There is a situation in which a person does not accept the authority of the majority if they behaved toward him improperly. If the Sanhedrin were made up of Sadducees, for example, their rulings would not be accepted. Maybe this even fits into the view that the obligation to obey is when “they tell you about right that it is right,” but not when they tell you about right that it is left.

Moshe (2020-05-12)

It seems to me that this is a bit different. In a Sanhedrin made up of Sadducees there is a substantive problem in their rulings, because the fact that they are Sadducees indicates that they are not ruling according to the Torah, so there is no obligation toward them at all; “after the majority” was not said about them. That is not the case with the Sages who disagreed with Rabbi Eliezer—there is no substantive flaw there, only perhaps a behavioral one at most. That certainly has nothing to do with the validity of the ruling or its correctness. (Somewhat like the Beit Yosef’s comments in Kelalei HaTalmud on Eruvin 13b, where he asks what difference it makes that Beit Hillel were gentle and humble, etc., and answers that this is an indication that they are correct—but in terms of character traits and personality, there is no connection to the correctness of the ruling. The Rabbi also discussed this at length in a lecture at Bar-Ilan on tolerant Jewish law and also in the appendix to Truth and Unstable.) If so, Rabbi Eliezer was required to be more rational and less emotional, and not disagree with them.

Michi (2020-05-12)

Obviously it is a bit different, and still I argue that perhaps Rabbi Eliezer thought it was similar enough not to obey the majority. When the ruling is correct but is accepted by improper people, there is room for the reasoning that one should not obey it. Certainly if, in my opinion (= Rabbi Eliezer’s), it is not correct.

Ariel Bareli (2020-05-13)

By the way, Nachmanides raised the opposite possibility: that Rabbi Yehoshua said the oven is susceptible to impurity based on a tradition in his possession, and specifically Rabbi Eliezer challenged that on the basis of reasoning. “And it is possible that they were saying their words from received tradition, while he said: this is how it appears to me—and disagreed with them. Therefore they did not accept from him any proofs in the world, and had he issued a practical ruling in Temple times, he would have become a rebellious elder. Therefore they treated him stringently and excommunicated him,” end quote. This is brought in Nimukei Yosef.

Michi (2020-05-13)

Interesting.

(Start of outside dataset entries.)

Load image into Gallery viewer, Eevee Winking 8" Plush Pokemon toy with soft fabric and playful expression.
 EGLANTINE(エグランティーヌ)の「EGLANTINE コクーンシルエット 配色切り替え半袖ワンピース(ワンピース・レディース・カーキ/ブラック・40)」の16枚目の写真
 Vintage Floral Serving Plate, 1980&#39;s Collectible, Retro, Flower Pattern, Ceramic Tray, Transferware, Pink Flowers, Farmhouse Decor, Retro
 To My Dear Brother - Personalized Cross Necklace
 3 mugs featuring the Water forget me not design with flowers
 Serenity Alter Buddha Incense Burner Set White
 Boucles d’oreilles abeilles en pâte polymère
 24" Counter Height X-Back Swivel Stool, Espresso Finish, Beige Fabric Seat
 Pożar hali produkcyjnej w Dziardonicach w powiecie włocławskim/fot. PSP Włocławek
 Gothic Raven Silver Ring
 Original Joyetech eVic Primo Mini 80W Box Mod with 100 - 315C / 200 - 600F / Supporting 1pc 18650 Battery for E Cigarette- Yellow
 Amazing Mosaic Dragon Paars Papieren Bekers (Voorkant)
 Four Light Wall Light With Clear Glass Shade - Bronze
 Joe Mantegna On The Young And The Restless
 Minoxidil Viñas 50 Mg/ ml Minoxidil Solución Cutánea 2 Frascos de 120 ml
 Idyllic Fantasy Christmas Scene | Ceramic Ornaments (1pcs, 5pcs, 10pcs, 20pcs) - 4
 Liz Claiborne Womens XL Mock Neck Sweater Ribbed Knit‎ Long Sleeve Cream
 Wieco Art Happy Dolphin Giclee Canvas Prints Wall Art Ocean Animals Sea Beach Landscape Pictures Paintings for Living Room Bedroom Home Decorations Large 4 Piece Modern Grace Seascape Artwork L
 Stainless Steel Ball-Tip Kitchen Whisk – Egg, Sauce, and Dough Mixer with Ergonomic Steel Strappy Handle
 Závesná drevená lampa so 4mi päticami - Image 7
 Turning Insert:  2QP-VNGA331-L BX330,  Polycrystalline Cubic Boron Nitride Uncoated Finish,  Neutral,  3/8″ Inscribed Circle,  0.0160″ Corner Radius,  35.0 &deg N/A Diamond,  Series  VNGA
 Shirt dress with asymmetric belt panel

But it still requires a bit of examination in light of the Talmudic statement that Rabbi Eliezer never said anything he had not heard from his teacher. It is pretty clear that the straightforward reading is the opposite.

Michi (2020-05-13)

In any case, even according to Nimukei Yosef, you can see that they did not rely on their tradition but on the fact that they were the majority. Otherwise they would have accepted Rabbi Eliezer’s challenge.

Moshe Cohen (2020-05-13)

If anything, he also said things that no ear had ever heard before. (And even according to Rabbi Kook’s explanation in the letter to the Sochatchover, those were still things the Sages who disagreed with him did not know…) so it seems to me hard to bring proof from that statement that he never said anything he had not heard from his teacher.